Outro ponto para começarmos a conversa é estabelecer claramente: o que é um câncer? Bom, trata-se da formação de um tumor gerado por uma multiplicação de células de forma desordenada e que comprometem a saúde do paciente.
Prevenção pelo autoexame de toque
Bom, vamos do começo: como é sabido, as chances de cura do câncer de mama são altas quando ele é descoberto no começo. Porém, para que isso aconteça, é importante que você esteja atento ao seu corpo — sim, ele dialoga com você, emite sinais de sintomas. Daí a importância do tão falado “autoexame de toque”.
Se você nunca fez, ou se não tem certeza de que está fazendo certo, deixo a seguir um vídeo importante, de uma campanha argentina sobre o tema (uma provocação, também, sobre a falha nos algoritmos em censurar mamilos, já que as políticas de comunidade de Instagram e Facebook permitem nudez para fins de conscientização, mas… na prática não é assim)
Reforço mais uma vez: esse é um ponto vital da prevenção. E porque ressalto isso? Porque aqui vou fazer um relato pessoal: até passar por isso na família, eu mesma não fazia autoexame.
Contudo, alguns nódulos podem ser não-palpáveis, ou seja, eles não são identificados no autoexame — meus dois fibroadenomas, por exemplo, são tímidos, eles não gostam de ser encontrados nem pela minha mastologista.
Sintomas
A suspeita sobre câncer de mama pode ocorrer devido a alguns sintomas característicos. Por isso, caso você tenha algum deles, fique atento(a) e procure um mastologista. São eles:
- nódulo fixo e indolor, encontrado na região das mamas e axilas;
- a pele da mama fica avermelhada, retraída ou com aspecto de casca de laranja;
- há alterações nos mamilos (mudança de cor, textura, rachaduras, ou até mesmo uma inversão ineseperada neles);
- liberação de líquido pelos mamilos, de forma espontânea, não ligada com amamentação.
Caso você sinta algum desses sintomas, procure o mais rápido possível um especialista. Ressaltamos mais uma vez: o diagnóstico precoce é fundamental para o aumento das chances de cura do tumor mamário.
Outro ponto importante: essas alterações podem ser sintomas de situações benignas. Portanto, respire fundo, mantenha a calma e converse com seu profissional de confiança.
Causa e fatores de risco
Identificar o que, de fato, causa o câncer de mama é um dos principais pontos que os cientistas se debruçam constantemente — afinal, a partir da causa, seria possível criar tratamentos mais eficazes, com menores efeitos colaterais e ter uma ação de prevenção mais eficiente.

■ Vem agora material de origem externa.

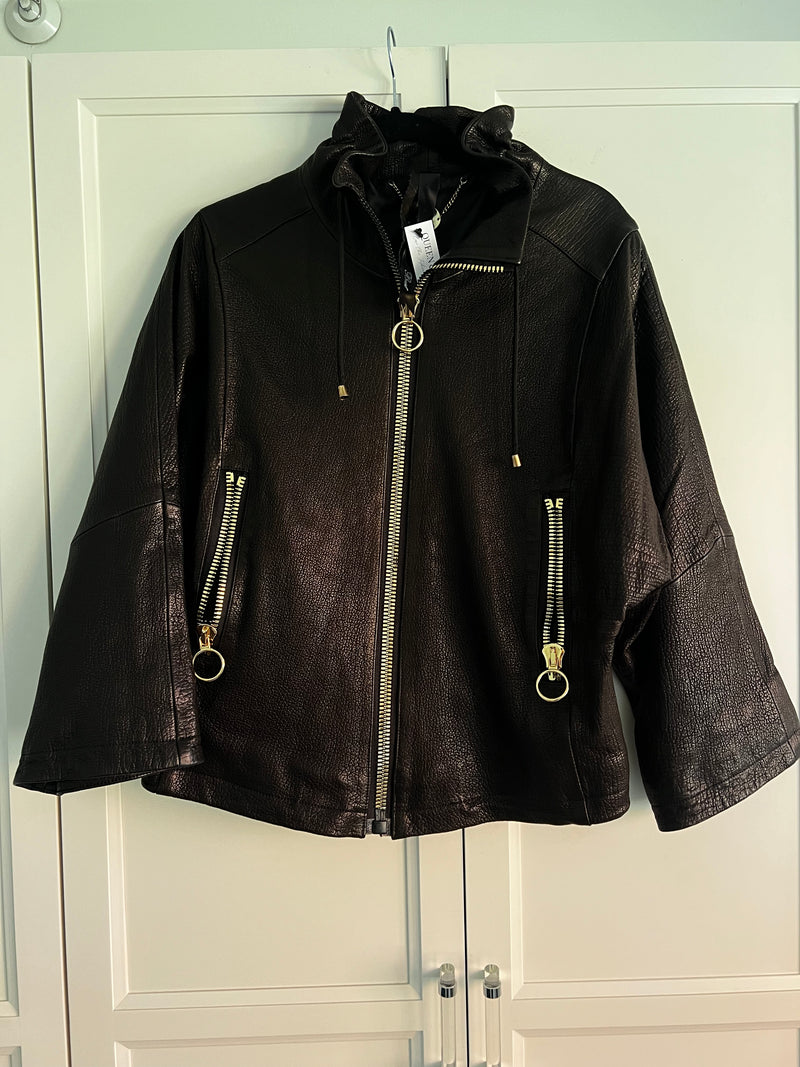 Black Pebbled Leather Jacket | Charlie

Há fatores de risco que podem potencializar as chances do desenvolvimento de câncer de mama? Segundo o INCA, seriam eles:
- idade: a maioria dos tumores malignos surgem a partir dos 50 anos;
- obesidade e sobrepeso após a menopausa para pessoas com útero;
- sedentarismo;
- consumo elevado de bebida alcoólica;
- exposição frequente à radiações ionizantes (é por isso que, de forma precoce, evita-se submeter os(as) pacientes aos exames como mamografia/tomografia/ressonância para controle preventivo);
- surgimento da primeira menstruação antes dos 12 anos para pessoas com útero;
- não ter tido filhos ao longo da vida ou, então, não ter amamentado os filhos (pessoas com útero);
- primeira gravidez após os 30 anos (pessoas com útero);
- menopausa tardia (após os 55 anos) para pessoas com útero;
- uso de contraceptivos hormonais combinados por via oral ao longo da vida (compostos de estrogênio-progesterona);
- tratamentos de afirmação de gênero com hormônios femininos;
- realização de reposição hormonal, por mais de 5 anos, após a menopausa, para pessoas com útero;
- história familiar de câncer de ovário e mama (normalmente ligado à família materna). No caso do câncer de mama, a influência ocorre, majoritariamente, pelos parentes que tenham tido casos antes dos 50 anos (representa 5% a 10% da incidência da doença);
- histórico de câncer familiar em pessoas com pênis na família;
- alterações genéticas (genes BRCA1 e BRCA2. Um caso famoso foi o da atriz Angelina Jolie que retirou as mamas, como forma preventiva, após ter realizado os exames genéticos que determinaram que ela tinha o BRCA).
Importante frisar: a presença dos fatores de risco, seja um deles ou mais, não faz com que você vá ter, necessariamente, a doença. Da mesma forma, pessoas que não tenham nenhum desses fatores podem vir a desenvolver o câncer de mama.
Observar os fatores de risco é importante, tanto para decisões assertivas (por exemplo, se você tem histórico familiar de câncer de mama, pode optar por métodos não-hormonais como mitigação de riscos), quanto para informar seus médicos de confiança sobre questões que mereçam atenção (por exemplo, ginecologistas pedirem exames de controle preventivo para pessoas com útero que tenham histórico familiar direto).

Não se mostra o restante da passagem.